Diary - Buying a non-performing note NPN from start to finish

160 Replies

For the past few months, years perhaps, I've been trying to soak up knowledge in the area of note buying. It has been especially intriguing to me since my partner and I handle a large volume of foreclosures and I get to see all of the post-foreclosure steps, but never really see the pre-foreclosure steps. I've seen hundreds of title reports, and all of the issues that can come up post-foreclosure. I have a good amount of contacts in various areas that are needed such as law offices, contractors, etc. I have always learned better by doing, than by reading. I like to study a subject to get the basics down, and then jump in head first, which leads me here. I didn't do an extensive search, but I didn't find anything that broke down buying a NPN from day 1, until the day you hopefully profit from the purchase. I plan to document the steps here to help others.

I did find numerous posts regarding FCIExchange and how it wasn't really worth buying notes on a portal such as FCI. I have found numerous notes on there that do not look like they are any sort of a profitable purchase. Conversely, I have seen plenty that do look like they could be profitable. This experiment is focused only on non-performing. Performing notes are more straightforward and much easier to see profitable, steady returns. 

The hypothesis for this experiment: If I purchase a NPN then I will make a profit from the purchase. 

I casually browsed the exchange for a few weeks until I was able to find a property nearby that was selling at a significant discount to the unpaid balance (UPB). The UPB in this case is $74,160.32, and the asking price for the note was $4,999.89. 

I sent someone to look at the property and take some photos. I didn't want to personally look, because if I would ever do this on a larger scale, I'd have to rely on other people inspecting the property. Here is the front:

The property appeared to be older, with a new roof. They knocked, and no one was home (obviously?) and saw some construction materials in the hall. Comps on the block are trading in the $50K-$80K range, some with commercial zoning even higher due to the county courthouse being within 1 block. There are a good amount of investor purchases here to be used as rentals as well. A retail flip, not very likely.

I concluded that even if the inside is terrible, this property could likely still fetch $25K in a quick sale to another investor. There were only 8 sales in the zip code in the last 180 days under $25K, out of 201 total sales. Furthermore, if I couldn't resell for that amount, I could certainly turn it into a rental. 

I decided to proceed, and pulled up the mortgage docs for this owner. Locally it's a program called Landex that you need a subscription for, that I already use. It was only one lien, and the mortgage had been assigned a few times.
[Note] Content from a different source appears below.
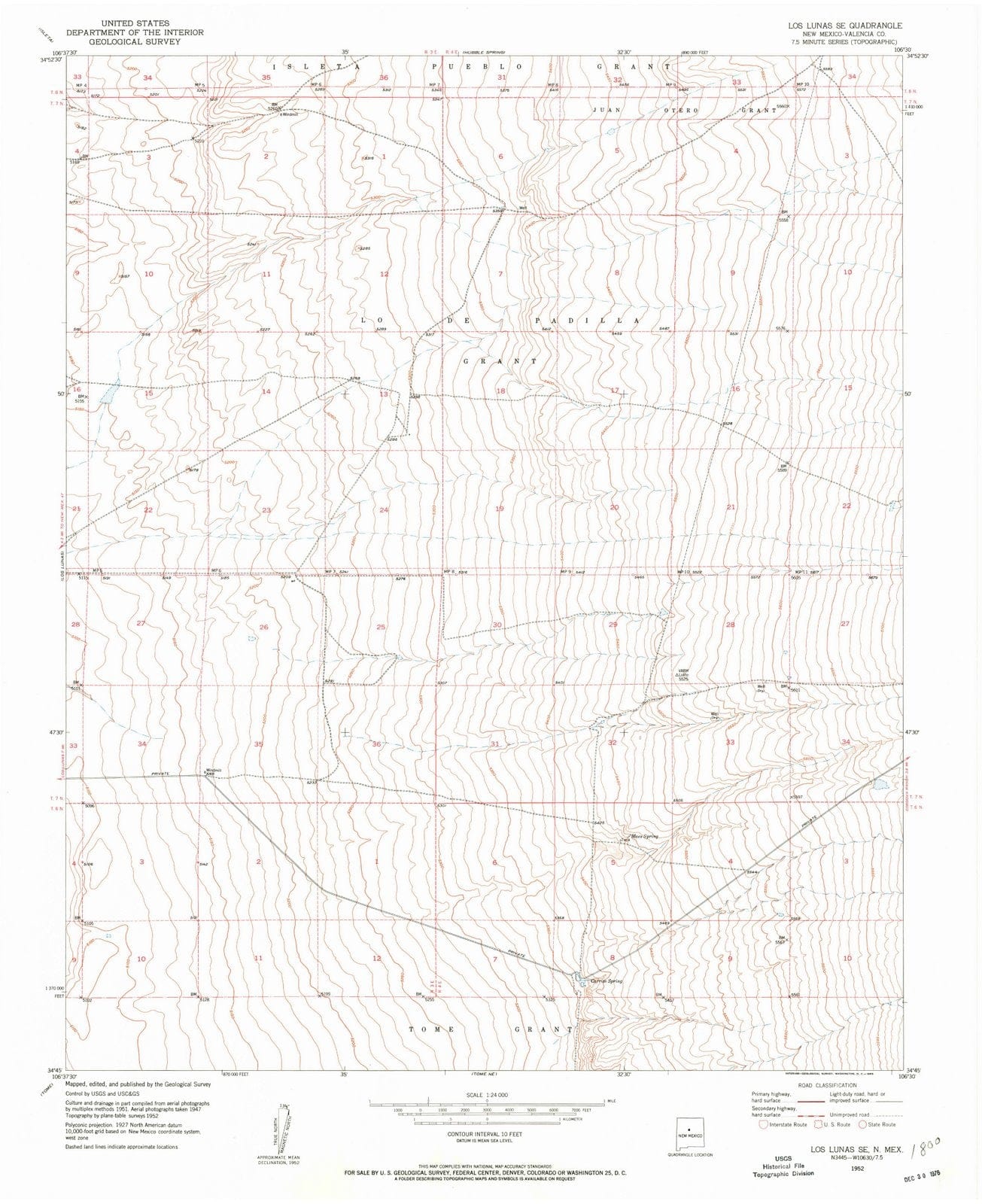 1952 Los Lunas, NM - New Mexico - USGS Topographic Map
I pulled a title report from FCI, which is done with the click of a button. The title report came back quickly, and I reviewed it. Straightforward, with some municipal liens for sewer and garbage bills, totaling about $6K. I made an offer of $2,500, was countered at $3,500, and it was conditionally accepted based on a due diligence period of 48 hours for me, the buyer. Once you come to terms, all of the documents for due diligence are released inside of FCI to download and review.

I contacted my attorney to tell him the next crazy thing I was up to and asked him to look over the documents, and shed some light on what my plan was in case I was overlooking something. He told me I was not overlooking anything but he doesn't do foreclosures, and gave me a referral to someone else who was well versed in foreclosing. 

I contacted the new attorney, and told him I had 48 hours to review the documents. We made an appointment, and I went in to meet him and look over everything. He does local foreclosures for some local banks. He assured me I wasn't crazy for doing this given my background. He said he wanted a little more time to review and the following day I hadn't heard from him. FCI was asking me to conclude due diligence and I felt confident so I clicked end due diligence even without hearing from the attorney. He ended up emailing me a short time later and said everything looked clean, phew. This new attorney is charging $250/hour, and took a $1000 retainer to begin work. His rates seemed fair, and given that he does this often, I'm OK paying top dollar to make sure it's done right and he holds my hand on this first one. If I continue buying, I would expect to renegotiate the fee.

The next step was to sign the note purchase agreement, provided by FCI. I signed and uploaded it. FCI asks if you want to record the note yourself when received, or pay them $200. The fees to record in this county are $66 so I will walk it in to the courthouse and record it. 

Next step will be to receive the signed purchase agreement from the seller, pay $3500 + $500 FCI fee, and receive all the mortgage documents. 

Total out of pocket to date: $1000 - legal retainer

I look forward to you following along. If I've missed adding details, shout it out and I'll be happy to provide. If I do something "wrong" you can feel free to point that out too, but as I said this is first and foremost a learning exercise so don't snicker behind my back ;) 

Stay tuned!

[email protected] | 215‑490‑4851 | http://www.atanosmanagement.com | PA Agent # RS314542, NJ Agent # 1221341

Learning by reading...about the (step-by-step) doing.

Golden.

I will be following along.

Hey Mark,

Great idea.  I look forward to your future posts.  You didn't mention checking the taxes.  That's important as many NPNs have several years of taxes due which are, in effect, a first lien on title ahead of your mortgage note.  If the taxes are delinquent, its a good idea to call the county and determine if a tax deed sale is imminent.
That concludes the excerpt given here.